Your instructions:
Below are several entries. Transcribe exactly those lines that fall from the one with "Breitling Bentley Motors-bl10-3" through the one with "True ID Caller", end lines included.
━━━ Records supplied
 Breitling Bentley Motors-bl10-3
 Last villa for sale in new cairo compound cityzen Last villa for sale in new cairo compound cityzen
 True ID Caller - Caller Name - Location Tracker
━━━━━━
━━━ Records supplied
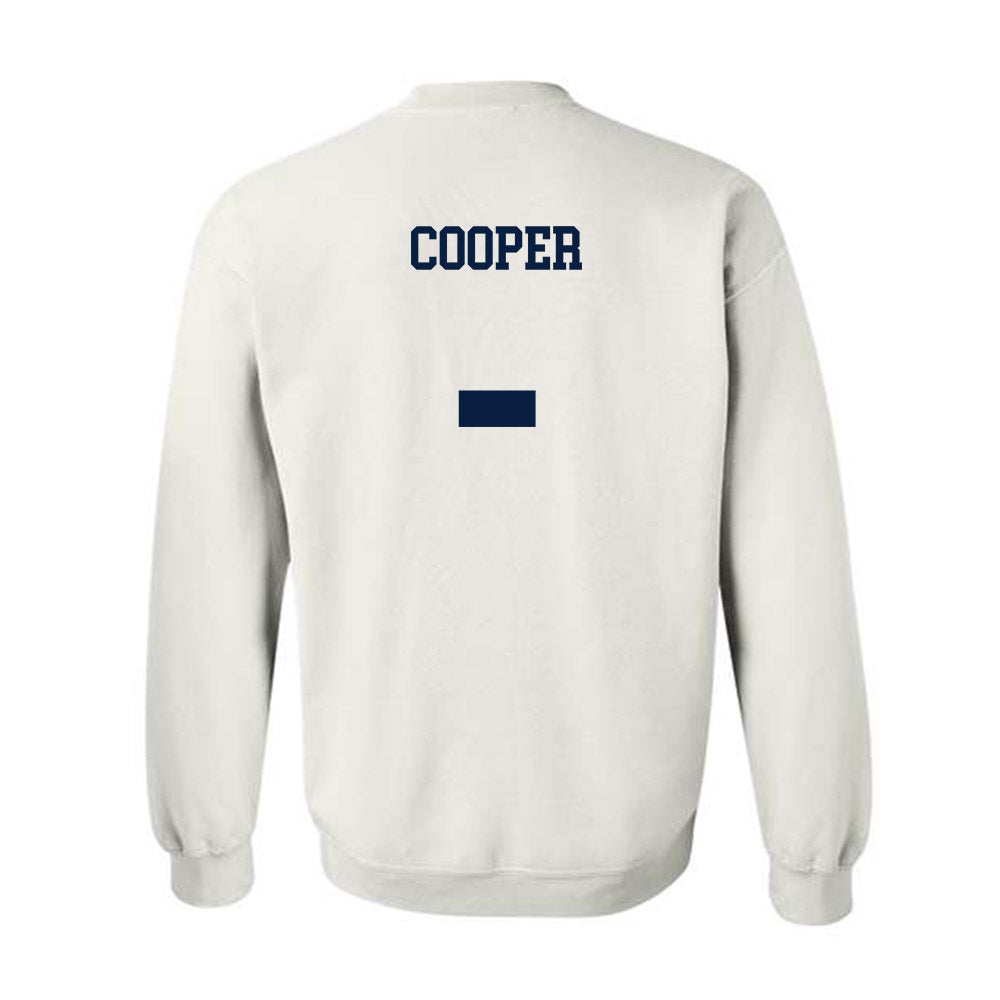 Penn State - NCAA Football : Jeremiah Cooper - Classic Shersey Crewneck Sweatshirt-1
━━━━━━
━━━ Records supplied
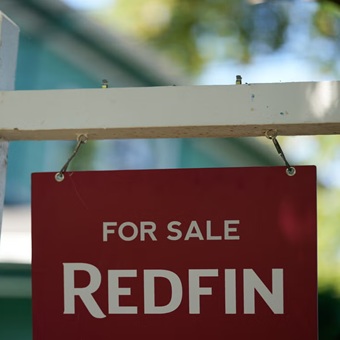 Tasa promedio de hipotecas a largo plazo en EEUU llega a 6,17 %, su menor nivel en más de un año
━━━━━━
Completed exercise:
 Breitling Bentley Motors-bl10-3
 Last villa for sale in new cairo compound cityzen Last villa for sale in new cairo compound cityzen
 True ID Caller - Caller Name - Location Tracker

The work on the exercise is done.